• Exercise instructions: Omit the pictures. Print each entry below exactly.

=== Input records ===

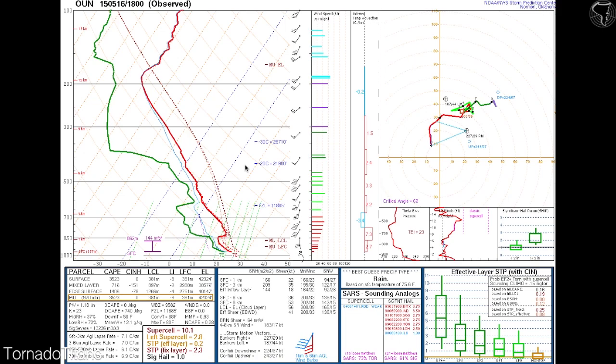Higher values of the supercell composite parameter indicate greater potential for supercells. Not always is this the case — sometimes you'll have a high supercell composite but the setup favors a line of storms. It's used as a tool: if you're going to get discrete storms and you have a high supercell composite, the odds are pretty high you're going to have supercells. Similarly, you need supercells before you can get significant tornadoes — without low-level mesocyclones, high sigtor values don't matter.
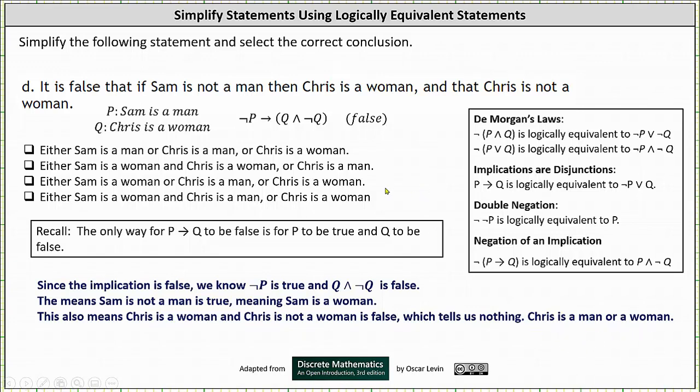Looking at our choices for the conclusion, the answer should be either 'Sam is a woman and Chris is a woman' or 'Chris is a man.' I hope you found this helpful.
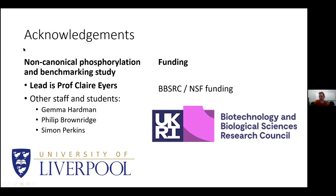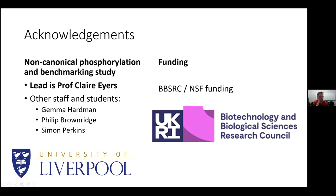A big thank you — a lot of the results come from Claire Eyre's lab, which is doing some great things. We've had lots of funding for this work from the UK Funding Council, BBSRC, and we have a new grant funded by BBSRC and NSF, which is a joint project between my team, Juan Antonio's team, Yaset, and Eric's team in the States. I'll finish there and happily take some questions.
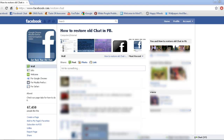Hey guys, today I'm going to be showing you how to get the old Facebook chat back. I hated the new Facebook chat — it was just a stupid ugly bar on the side of the screen. It only showed the people who you contact with the most, and not all the people who are online. Really pissed me off.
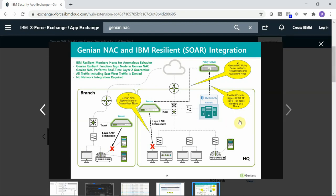At a high level, the way this integration functions is anytime the IBM Resilient SOAR system that is monitoring a network environment determines there is a threat on an active node on the network, it will trigger a REST API call to Genia NAC to tag the node that has been identified as a threat.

===

• Written response:
Higher values of the supercell composite parameter indicate greater potential for supercells. Not always is this the case — sometimes you'll have a high supercell composite but the setup favors a line of storms. It's used as a tool: if you're going to get discrete storms and you have a high supercell composite, the odds are pretty high you're going to have supercells. Similarly, you need supercells before you can get significant tornadoes — without low-level mesocyclones, high sigtor values don't matter.
Looking at our choices for the conclusion, the answer should be either 'Sam is a woman and Chris is a woman' or 'Chris is a man.' I hope you found this helpful.
A big thank you — a lot of the results come from Claire Eyre's lab, which is doing some great things. We've had lots of funding for this work from the UK Funding Council, BBSRC, and we have a new grant funded by BBSRC and NSF, which is a joint project between my team, Juan Antonio's team, Yaset, and Eric's team in the States. I'll finish there and happily take some questions.
Hey guys, today I'm going to be showing you how to get the old Facebook chat back. I hated the new Facebook chat — it was just a stupid ugly bar on the side of the screen. It only showed the people who you contact with the most, and not all the people who are online. Really pissed me off.
At a high level, the way this integration functions is anytime the IBM Resilient SOAR system that is monitoring a network environment determines there is a threat on an active node on the network, it will trigger a REST API call to Genia NAC to tag the node that has been identified as a threat.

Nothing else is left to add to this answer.